There is an urgent need for independent, rigorous evidence on the mental health implications of any measures introduced. Wellcome will support multidisciplinary research teams to deliver robust, policy relevant evaluations of any policy changes, with mental health impacts as the primary focus.
Wellcome’s mental health programme Wellcome aims to drive new and improved early interventions for anxiety, depression, and psychosis, emphasising personalised treatment options that span pharmaceutical, psychological and social interventions, and digital approaches. We do this in collaboration with the people most affected. Find out more about our mental health programme.
These teams will work in a cohort to deliver a complementary set of evaluations, and study design will be guided by expert recommendations supported by Wellcome. We are particularly interested in teams that can demonstrate: 1.
Strong, existing access to populations and data Teams should have established research access to children and young people through, but not limited to, largescale cohorts, longitudinal studies, school networks, population panels or community embedded partnerships that already collect repeated or long-term data and can quickly extend this work to evaluate policy impacts.

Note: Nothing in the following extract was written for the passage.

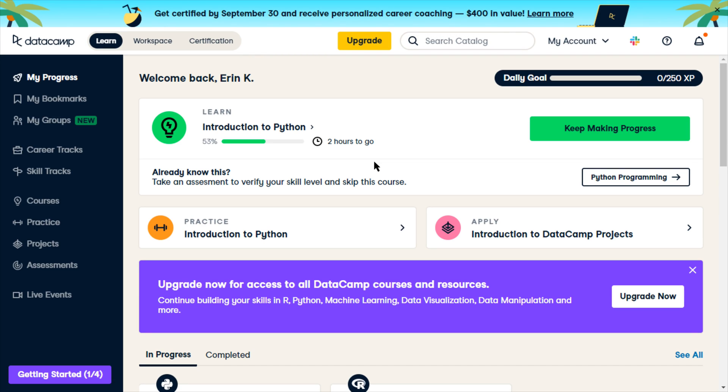Welcome back to my channel. I wanted to continue a bit with Python on Datacamp, partly because that was requested from me.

Teams must be able to draw on research active participant groups, and existing data linkage systems. We are also interested in groups who may be disproportionately affected by restrictions, such as children from low-income families, LGBTQ+ youth, rural and remote communities and migrant communities.
Importantly, applicants must be able to collect baseline data before any government measures are introduced, ensuring strong pre-post or staggered rollout comparisons. Work is expected to start as early as October 2026. 2.
Expertise in youth mental health and digital behaviour Teams must have strong expertise in adolescent mental health and digital behaviour, and the ability to implement validated, clinically meaningful measures suitable for repeated and time sensitive evaluation.
Applicants must understand digital technology use in ways that go beyond screentime metrics and be capable of examining the specific features of digital media that may influence mental health (for example, algorithms, infinite scroll). 3. Capability for robust causal and real-world evaluation Teams must be able to apply study designs to evaluate real-world policy implementation.
They must have the ability to deliver rapid evaluation, including mobilising field work or data pipelines quickly. Teams must be ready to begin work as early as October 2026. We expect evaluations to run for a minimum of one year.
4. Ethical, safeguarding, and data governance excellence Applicants should establish high quality ethics and safeguarding processes, including appropriate consent and assent procedures for under-16s and protocols suitable for school, community, or digital settings.
We are looking for teams committed to privacy-preserving, proportionate data collection with young people, with clear governance for partnerships involving schools, local authorities or digital platforms. 5. Commitment to coherence and collaboration Teams must be willing to contribute to a coordinated UK-wide evaluation effort, adopting shared measurement frameworks to ensure comparability across funded projects.
Applicants should be open to aligning approaches for research priorities, study design, minimum datasets and measures and based on expert advice and consensus. For information on roles and eligibility please refer to our guidance on Wellcome funding applicants . Please focus on the roles of ‘Lead applicant’, ‘Coapplicant’, Collaborator’.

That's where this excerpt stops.